Priests and religious were allowed to wear their habits in public again, marriage became a Church matter again and numerous other laws were decreed including the law which required all people to kneel whenever the Most Blessed Sacrament was being carried in procession. However, the French stood firm on refusing to allow all of the property confiscated by Juarez to be returned to the Church. Part of this was because much of this land was then owned by French nationals; which requires some explanation. When Benito Juarez seized the property of the Church, which some have estimated included about one third of the country, no matter how many anti-clerical laws they passed they could not alter the fact that the vast majority of Mexicans were God fearing Catholics and so when these lands were put up for sale most Mexicans refused to buy them. In their absence, foreign investors stepped in and purchased the properties and in many cases these foreigners were Frenchmen. Dependent as they were on French arms, the conservative junta looked the other way on this and contented themselves with waiting for a formal monarchy of their own to be established.

At the time of the transfer of power the ruling junta established a council of regency which consisted of General Almonte, General Mariano de Salas and Archbishop Labastida; which formally invited the Archduke Maximilian of Austria to accept the crown of Mexico. Some of those involved on the French side were wary of the presence of Labastida; fearing that he would dominate the council and make Mexico a de facto theocracy. Allegedly it was Labastida himself who suggested Maximilian as a candidate for the throne but it is certain that the archbishop met with Maximilian while in Europe and therein lies one of the first mistakes made by the two factions of Church and Crown. Archduke Maximilian had, from an earlier visit to the Empire of Brazil (which he was much taken with), formed a very low opinion of the Latin American clerics and he did not make much of an effort to hide this opinion from the outset.
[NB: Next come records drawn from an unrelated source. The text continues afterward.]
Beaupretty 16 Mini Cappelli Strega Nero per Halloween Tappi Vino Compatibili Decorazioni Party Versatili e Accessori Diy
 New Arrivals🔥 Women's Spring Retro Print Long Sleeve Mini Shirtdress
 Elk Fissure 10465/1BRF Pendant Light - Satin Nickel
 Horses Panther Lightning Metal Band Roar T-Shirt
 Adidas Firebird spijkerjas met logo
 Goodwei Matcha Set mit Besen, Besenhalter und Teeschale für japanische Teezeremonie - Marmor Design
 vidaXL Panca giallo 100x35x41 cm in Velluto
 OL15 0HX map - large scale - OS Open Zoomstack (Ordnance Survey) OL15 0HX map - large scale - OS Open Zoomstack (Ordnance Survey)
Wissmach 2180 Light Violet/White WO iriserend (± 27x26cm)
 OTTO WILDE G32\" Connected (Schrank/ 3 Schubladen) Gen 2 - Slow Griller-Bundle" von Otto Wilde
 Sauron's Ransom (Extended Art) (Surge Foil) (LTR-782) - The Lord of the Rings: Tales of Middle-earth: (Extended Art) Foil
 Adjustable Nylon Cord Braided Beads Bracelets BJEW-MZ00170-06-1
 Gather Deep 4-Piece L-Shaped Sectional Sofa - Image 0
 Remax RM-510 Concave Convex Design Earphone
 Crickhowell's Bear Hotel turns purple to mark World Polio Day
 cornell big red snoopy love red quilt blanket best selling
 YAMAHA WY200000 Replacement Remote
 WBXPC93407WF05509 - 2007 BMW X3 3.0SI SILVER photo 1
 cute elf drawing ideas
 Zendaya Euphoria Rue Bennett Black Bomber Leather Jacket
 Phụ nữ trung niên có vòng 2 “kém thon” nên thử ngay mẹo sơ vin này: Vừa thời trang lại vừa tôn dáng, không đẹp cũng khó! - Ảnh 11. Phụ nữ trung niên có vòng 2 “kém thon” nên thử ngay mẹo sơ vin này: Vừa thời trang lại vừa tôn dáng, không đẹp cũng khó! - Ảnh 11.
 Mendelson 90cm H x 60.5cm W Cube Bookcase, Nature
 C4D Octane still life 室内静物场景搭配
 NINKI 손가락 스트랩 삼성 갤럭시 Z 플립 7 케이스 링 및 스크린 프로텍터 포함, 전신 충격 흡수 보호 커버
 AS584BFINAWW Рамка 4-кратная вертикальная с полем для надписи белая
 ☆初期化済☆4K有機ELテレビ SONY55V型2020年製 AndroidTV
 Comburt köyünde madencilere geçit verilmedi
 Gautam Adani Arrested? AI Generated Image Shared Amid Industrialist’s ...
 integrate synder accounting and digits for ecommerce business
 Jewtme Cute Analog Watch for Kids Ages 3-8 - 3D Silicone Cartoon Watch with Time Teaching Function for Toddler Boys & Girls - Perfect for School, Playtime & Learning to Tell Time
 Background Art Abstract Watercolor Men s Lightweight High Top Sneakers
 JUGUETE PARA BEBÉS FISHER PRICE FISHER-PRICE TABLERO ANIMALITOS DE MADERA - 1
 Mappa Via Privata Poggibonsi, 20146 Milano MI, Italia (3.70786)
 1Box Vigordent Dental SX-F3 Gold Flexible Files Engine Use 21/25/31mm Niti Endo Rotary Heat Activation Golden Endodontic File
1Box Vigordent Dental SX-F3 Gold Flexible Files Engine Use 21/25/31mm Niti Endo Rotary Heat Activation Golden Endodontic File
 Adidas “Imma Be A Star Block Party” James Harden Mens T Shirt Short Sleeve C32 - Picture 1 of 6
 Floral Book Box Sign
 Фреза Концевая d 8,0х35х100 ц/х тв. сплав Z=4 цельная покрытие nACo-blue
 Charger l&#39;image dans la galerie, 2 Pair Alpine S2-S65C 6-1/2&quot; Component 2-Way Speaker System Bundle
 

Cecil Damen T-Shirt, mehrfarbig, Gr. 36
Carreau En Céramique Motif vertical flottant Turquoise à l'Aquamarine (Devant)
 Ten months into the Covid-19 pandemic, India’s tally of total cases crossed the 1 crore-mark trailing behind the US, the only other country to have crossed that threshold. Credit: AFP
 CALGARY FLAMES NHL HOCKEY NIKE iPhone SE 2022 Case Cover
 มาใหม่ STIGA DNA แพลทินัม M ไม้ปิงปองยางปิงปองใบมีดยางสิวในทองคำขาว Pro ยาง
Given that it was the pro-Catholic faction which was most involved in offering him the Crown of Mexico, this certainly did not bode well for the future that he was making such critical observations of what was to be his power base.

However, at that early stage, both sides seemed to be looking through rose colored glasses and seeing only the best of possibilities in each other. Maximilian looked at the Church and, as was his habit, saw only the best of intentions and assumed that all were as reasonable and liberal-minded as himself. For her part, the Church tended to look upon Maximilian and, despite some reservations at his liberal tendencies, saw only a Hapsburg archduke, a descendant of Emperor Charles V and the hope of a traditional, Catholic monarchy in the old style. Both, to some degree, saw what they most desired and, as such, both were set up for disappointment. However, all of that was still in the future, and for the time being all parties concerned were focused only on getting Maximilian to Mexico and establishing the Second Mexican Empire. Gutierrez de Estrada made the formal invitation and when Maximilian accepted he and his wife were hailed by the assembled Mexican dignitaries as the Emperor and Empress of Mexico. For the young imperial couple this was to be their chance to put all of their lofty ideals into practice and establish a new era in the history of monarchy. For the Church, they saw this as their opportunity to restore the old order and put right all that Juarez had put wrong. Archbishop Labastida made it very clear to the French that, on the key issue involved, Church support for the enterprise was entirely dependent on the restoration of their estates.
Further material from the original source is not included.